NCPA - National Center for Policy Analysis


February 25, 2008

Pay-go, short for "pay-as-you-go," made a name for itself in last year's fight to forestall the alternative minimum tax's (AMT) full impact.  The attempt to stop a tax hike with an offsetting tax hike underscored the procedure's dubious nature when applied to tax cuts, says J.T. Young, a former Treasury Department and Office of Management and Budget official.

By applying the pay-go principle to tax cuts, Washington is effectively chasing its fiscal tail:

  • Because Washington will not cut spending, taxes will never go down, only up.
  • Using it for short-term tax cut extensions, like the one year AMT patch, is the budget equivalent to renting tax policy.
  • At the end of the extension, the lease on the patch ends, but the offset is gone.
  • Continually repeating the process consumes the relatively easy offsets, and ever more tax increases -- and worse tax policy -- are needed.

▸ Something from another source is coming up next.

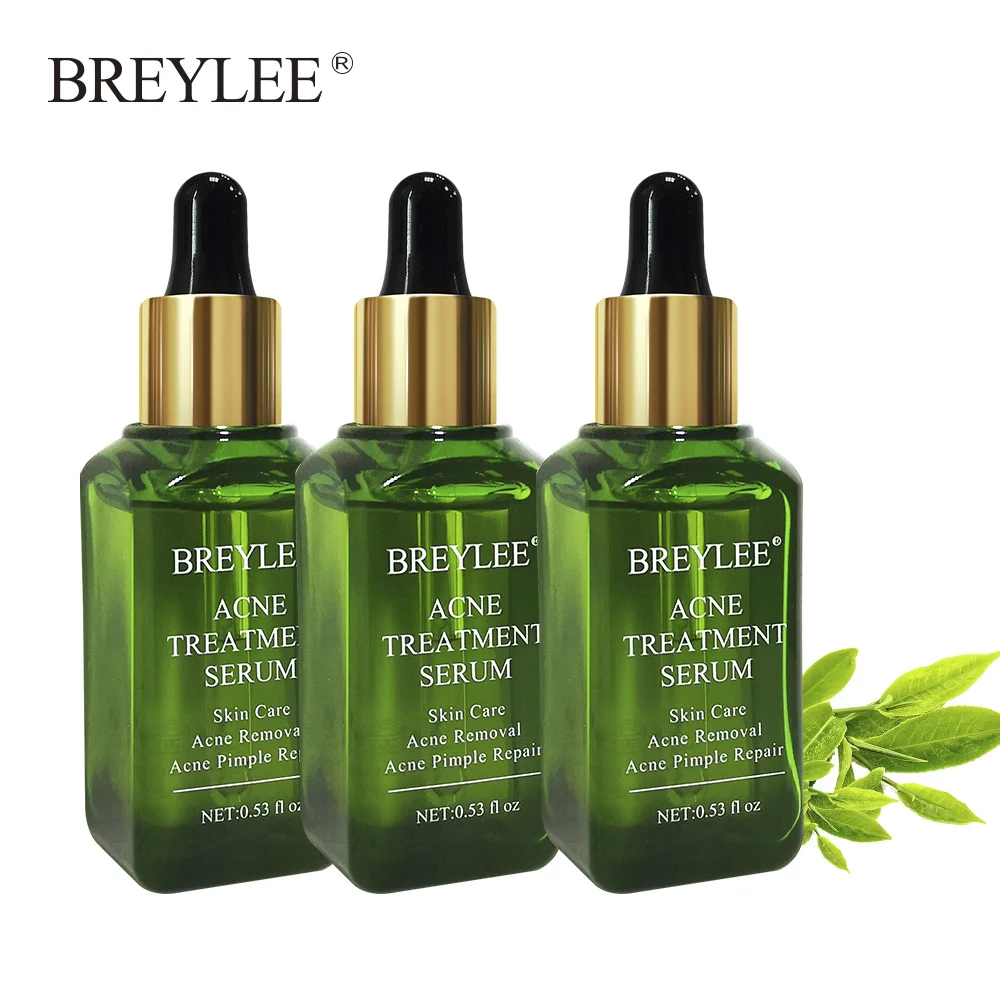 

BREYLEE Acne Treatment Serum Acne Scar Removal Anti-acne Cream Natural Facial Essence Whitening Repairing Skin Care Serum 3PCS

Most importantly, pay-go's application to tax cuts dismisses the revenue increases inherent in the U.S. tax system, says Young.  Under a progressive tax code such as ours, revenues increase -- even without legislated increases -- when the economy grows. This has been happening over the past few years.

Unbiased observation shows that pay-go applied to tax cuts is not a viable long-term strategy.  Over time it increases the tax base, turbocharging the tax system's inherent revenue increasing capability, says Young.  Last year's AMT fight shows pay-go's application to tax cuts is not a short-term strategy either.  Ostensibly created to solve a fiscal problem, pay-go became a political one. Fortunately in the process Congress did come to the right conclusion.  Now that solution just needs be applied to all pre-existing tax cuts and the fiscal fulminations redirected to spending where they belong.